Required current contributed CRAN packages:

spatstat sf gstat spdep tmap spatialreg igraph hglm metafor sp spData RANN

and spDataLarge - install.packages("spDataLarge", repos = "https://nowosad.github.io/drat/", type = "source").

Script

Script at https://raw.githubusercontent.com/edzer/UseR2019/master/part2.R. Dowload to suitable location and use as basis.
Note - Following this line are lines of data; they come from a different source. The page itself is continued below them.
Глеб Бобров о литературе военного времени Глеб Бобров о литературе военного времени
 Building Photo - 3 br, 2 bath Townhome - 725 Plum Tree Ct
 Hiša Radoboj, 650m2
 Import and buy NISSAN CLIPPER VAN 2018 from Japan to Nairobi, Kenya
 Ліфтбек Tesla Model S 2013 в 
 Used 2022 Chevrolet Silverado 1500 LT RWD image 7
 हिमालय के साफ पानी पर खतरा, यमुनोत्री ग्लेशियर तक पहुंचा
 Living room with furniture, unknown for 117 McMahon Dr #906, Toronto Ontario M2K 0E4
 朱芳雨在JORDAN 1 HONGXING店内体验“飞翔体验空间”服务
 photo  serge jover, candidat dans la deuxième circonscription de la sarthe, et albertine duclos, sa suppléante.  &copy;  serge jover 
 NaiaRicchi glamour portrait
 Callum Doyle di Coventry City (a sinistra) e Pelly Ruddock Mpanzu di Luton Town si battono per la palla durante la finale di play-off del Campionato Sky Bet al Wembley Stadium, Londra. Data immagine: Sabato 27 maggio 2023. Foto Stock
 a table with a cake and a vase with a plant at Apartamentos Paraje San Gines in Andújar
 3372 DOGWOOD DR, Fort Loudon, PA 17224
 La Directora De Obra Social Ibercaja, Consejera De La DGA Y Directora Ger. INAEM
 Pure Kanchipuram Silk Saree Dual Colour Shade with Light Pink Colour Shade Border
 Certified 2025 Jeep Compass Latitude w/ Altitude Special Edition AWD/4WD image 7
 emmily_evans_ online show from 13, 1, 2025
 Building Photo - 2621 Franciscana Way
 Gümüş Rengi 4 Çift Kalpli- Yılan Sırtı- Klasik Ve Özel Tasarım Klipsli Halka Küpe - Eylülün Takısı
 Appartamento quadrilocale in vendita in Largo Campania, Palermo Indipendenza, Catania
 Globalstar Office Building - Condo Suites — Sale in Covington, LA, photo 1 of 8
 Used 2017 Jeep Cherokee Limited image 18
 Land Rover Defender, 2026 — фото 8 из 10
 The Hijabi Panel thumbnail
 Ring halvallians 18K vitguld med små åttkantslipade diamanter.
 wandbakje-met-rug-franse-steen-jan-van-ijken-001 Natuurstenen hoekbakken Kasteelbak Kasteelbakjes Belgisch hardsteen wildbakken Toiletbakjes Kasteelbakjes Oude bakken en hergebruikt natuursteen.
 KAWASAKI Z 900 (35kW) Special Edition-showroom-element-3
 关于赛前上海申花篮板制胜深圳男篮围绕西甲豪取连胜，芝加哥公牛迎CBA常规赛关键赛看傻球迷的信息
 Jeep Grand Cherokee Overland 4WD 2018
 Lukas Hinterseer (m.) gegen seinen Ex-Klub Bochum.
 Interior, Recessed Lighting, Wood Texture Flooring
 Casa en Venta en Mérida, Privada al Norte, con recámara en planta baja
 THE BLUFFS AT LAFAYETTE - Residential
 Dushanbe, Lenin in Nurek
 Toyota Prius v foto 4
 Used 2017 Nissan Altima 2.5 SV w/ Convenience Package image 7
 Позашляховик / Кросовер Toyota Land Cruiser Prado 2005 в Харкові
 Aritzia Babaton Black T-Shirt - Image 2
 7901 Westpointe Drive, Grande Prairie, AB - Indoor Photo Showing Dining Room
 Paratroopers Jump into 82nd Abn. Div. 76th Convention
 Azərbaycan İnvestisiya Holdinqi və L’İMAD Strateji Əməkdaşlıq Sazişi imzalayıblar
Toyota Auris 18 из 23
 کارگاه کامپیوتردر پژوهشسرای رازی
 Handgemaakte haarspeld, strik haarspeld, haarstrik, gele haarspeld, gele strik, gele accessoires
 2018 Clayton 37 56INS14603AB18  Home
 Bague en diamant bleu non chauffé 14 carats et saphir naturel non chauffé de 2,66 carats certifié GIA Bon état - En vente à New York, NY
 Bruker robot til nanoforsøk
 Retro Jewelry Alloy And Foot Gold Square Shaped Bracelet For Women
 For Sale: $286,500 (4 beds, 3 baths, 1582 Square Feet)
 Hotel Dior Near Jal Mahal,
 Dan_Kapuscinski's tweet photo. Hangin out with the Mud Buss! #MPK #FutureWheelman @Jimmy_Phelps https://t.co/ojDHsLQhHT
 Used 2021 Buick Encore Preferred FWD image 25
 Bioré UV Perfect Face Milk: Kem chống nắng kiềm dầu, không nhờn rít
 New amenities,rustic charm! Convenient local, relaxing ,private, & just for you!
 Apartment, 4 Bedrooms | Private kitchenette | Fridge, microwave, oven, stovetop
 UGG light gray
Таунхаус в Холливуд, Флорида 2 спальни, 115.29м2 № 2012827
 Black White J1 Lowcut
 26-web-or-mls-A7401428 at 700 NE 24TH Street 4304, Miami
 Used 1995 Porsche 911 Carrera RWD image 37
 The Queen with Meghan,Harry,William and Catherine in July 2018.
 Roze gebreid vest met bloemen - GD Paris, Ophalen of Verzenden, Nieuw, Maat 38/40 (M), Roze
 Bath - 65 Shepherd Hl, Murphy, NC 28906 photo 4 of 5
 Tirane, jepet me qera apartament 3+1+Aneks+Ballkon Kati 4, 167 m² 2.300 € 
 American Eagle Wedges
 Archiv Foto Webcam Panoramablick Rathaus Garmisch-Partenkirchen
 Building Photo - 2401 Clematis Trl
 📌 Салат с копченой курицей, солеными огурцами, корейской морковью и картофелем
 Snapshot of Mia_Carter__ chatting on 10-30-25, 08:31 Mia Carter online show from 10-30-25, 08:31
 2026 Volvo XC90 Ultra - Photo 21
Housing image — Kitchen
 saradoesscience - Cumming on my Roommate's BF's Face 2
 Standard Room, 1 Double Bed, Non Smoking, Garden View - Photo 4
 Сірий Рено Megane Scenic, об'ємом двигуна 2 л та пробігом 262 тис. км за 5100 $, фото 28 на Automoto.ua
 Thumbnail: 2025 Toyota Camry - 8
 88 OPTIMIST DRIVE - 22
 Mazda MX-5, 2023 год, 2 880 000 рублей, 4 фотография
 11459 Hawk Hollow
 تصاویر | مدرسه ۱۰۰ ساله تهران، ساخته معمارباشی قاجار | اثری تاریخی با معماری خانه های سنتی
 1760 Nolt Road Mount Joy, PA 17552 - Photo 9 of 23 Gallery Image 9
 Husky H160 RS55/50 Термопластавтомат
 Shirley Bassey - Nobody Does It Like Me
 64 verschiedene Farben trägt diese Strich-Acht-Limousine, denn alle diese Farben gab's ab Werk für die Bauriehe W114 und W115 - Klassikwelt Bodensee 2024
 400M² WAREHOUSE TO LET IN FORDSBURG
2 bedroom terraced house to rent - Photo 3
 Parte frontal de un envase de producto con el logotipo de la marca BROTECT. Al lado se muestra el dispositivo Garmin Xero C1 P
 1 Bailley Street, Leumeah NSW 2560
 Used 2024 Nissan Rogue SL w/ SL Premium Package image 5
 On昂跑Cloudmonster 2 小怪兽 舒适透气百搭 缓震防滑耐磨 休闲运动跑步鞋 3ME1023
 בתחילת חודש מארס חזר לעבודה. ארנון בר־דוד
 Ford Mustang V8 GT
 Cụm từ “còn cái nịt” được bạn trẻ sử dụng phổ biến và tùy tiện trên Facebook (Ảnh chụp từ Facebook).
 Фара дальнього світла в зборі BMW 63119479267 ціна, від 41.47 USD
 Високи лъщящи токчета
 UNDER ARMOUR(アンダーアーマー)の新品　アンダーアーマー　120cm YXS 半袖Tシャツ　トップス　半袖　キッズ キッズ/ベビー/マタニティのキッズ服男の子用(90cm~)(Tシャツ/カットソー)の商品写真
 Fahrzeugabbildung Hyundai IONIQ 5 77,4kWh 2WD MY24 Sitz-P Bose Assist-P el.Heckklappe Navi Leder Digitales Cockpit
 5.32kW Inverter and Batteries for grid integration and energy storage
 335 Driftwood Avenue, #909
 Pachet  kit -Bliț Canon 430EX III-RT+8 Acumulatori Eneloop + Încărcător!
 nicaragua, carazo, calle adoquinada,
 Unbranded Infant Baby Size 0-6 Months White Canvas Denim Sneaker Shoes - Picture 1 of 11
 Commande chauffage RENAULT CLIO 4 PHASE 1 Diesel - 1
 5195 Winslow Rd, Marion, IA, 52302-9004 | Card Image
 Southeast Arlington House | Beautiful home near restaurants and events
Is spatial autocorrelation just poor data collection design and/or model mis-specification?

Spatial modelling: why?

  • If we want to detect and classify patterns (ML), infer about covariates, or interpolate from a fitted model, we need models that take account of the possible interdependency of spatial, time series and spatio-temporal observations

  • Here we are focussing on the spatial case; time differs in having a direction of flow, and spatio-temporal processes are necessarily more complex, especially when non-separable

  • We will not look at machine learning issues, although the partition into training and test sets raises important spatial questions for tuning (Schratz et al. 2019)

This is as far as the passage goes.